[Source data]
▼

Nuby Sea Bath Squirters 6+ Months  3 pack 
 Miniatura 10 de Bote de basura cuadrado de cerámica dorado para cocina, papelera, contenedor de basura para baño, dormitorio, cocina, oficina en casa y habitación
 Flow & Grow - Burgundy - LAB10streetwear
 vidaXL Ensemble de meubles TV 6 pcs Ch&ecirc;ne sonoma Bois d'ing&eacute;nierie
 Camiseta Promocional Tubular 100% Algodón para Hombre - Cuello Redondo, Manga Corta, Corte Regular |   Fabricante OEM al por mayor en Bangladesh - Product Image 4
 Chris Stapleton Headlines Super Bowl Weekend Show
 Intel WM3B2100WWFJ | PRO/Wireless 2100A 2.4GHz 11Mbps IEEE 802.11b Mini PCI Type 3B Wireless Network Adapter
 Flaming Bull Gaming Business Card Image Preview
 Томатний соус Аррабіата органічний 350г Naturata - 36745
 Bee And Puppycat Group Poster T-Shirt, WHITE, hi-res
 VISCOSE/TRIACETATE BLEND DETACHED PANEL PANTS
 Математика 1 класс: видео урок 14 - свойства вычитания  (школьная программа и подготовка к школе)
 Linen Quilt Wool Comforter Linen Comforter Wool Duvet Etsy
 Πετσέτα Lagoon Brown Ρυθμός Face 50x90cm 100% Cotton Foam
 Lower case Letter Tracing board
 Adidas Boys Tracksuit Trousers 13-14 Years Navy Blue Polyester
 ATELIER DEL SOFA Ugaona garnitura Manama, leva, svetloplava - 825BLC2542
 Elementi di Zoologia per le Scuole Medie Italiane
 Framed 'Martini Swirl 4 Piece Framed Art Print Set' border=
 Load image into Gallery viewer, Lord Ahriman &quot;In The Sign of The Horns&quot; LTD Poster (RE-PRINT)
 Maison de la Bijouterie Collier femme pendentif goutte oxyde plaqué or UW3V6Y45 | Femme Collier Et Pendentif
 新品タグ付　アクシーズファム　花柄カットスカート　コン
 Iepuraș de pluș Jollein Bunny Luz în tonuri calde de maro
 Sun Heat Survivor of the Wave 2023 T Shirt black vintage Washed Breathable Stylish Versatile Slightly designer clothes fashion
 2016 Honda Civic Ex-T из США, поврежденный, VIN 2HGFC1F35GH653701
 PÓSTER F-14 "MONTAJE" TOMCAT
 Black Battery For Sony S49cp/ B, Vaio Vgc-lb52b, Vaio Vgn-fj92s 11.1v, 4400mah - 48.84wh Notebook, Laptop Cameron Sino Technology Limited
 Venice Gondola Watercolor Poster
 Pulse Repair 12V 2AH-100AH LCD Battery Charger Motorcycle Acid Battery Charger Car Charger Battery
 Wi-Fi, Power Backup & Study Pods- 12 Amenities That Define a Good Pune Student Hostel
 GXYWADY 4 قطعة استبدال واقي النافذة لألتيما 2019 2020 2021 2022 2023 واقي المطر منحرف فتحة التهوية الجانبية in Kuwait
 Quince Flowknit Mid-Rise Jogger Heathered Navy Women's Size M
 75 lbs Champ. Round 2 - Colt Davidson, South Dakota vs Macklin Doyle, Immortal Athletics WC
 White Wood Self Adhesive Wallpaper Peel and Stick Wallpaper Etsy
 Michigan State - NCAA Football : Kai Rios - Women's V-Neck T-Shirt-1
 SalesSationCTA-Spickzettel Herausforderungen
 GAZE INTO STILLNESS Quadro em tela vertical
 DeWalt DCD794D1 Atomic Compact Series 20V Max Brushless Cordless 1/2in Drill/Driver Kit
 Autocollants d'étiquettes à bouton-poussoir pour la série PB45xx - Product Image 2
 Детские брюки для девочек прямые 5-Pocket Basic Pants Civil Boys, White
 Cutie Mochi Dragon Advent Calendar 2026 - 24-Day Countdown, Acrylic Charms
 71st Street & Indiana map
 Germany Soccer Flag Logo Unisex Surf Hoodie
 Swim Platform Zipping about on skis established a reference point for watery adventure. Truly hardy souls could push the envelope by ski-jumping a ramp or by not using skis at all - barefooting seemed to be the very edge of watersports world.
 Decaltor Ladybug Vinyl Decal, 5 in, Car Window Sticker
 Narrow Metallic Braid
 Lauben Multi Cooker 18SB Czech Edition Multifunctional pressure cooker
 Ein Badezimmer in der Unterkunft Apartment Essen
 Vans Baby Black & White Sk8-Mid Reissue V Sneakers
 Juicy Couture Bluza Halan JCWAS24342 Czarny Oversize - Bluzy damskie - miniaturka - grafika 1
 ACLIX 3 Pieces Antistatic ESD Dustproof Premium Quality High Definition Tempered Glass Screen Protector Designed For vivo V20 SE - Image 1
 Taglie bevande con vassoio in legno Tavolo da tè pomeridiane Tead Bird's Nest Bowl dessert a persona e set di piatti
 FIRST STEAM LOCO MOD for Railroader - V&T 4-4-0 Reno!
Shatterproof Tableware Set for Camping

▲

● Problem description
Set down each line from the line containing "Germany Soccer Flag Logo Unisex Surf Hoodie" through the final line of the data, exactly and with nothing added.

● Solution to the problem
 Germany Soccer Flag Logo Unisex Surf Hoodie
 Swim Platform Zipping about on skis established a reference point for watery adventure. Truly hardy souls could push the envelope by ski-jumping a ramp or by not using skis at all - barefooting seemed to be the very edge of watersports world.
 Decaltor Ladybug Vinyl Decal, 5 in, Car Window Sticker
 Narrow Metallic Braid
 Lauben Multi Cooker 18SB Czech Edition Multifunctional pressure cooker
 Ein Badezimmer in der Unterkunft Apartment Essen
 Vans Baby Black & White Sk8-Mid Reissue V Sneakers
 Juicy Couture Bluza Halan JCWAS24342 Czarny Oversize - Bluzy damskie - miniaturka - grafika 1
 ACLIX 3 Pieces Antistatic ESD Dustproof Premium Quality High Definition Tempered Glass Screen Protector Designed For vivo V20 SE - Image 1
 Taglie bevande con vassoio in legno Tavolo da tè pomeridiane Tead Bird's Nest Bowl dessert a persona e set di piatti
 FIRST STEAM LOCO MOD for Railroader - V&T 4-4-0 Reno!
Shatterproof Tableware Set for Camping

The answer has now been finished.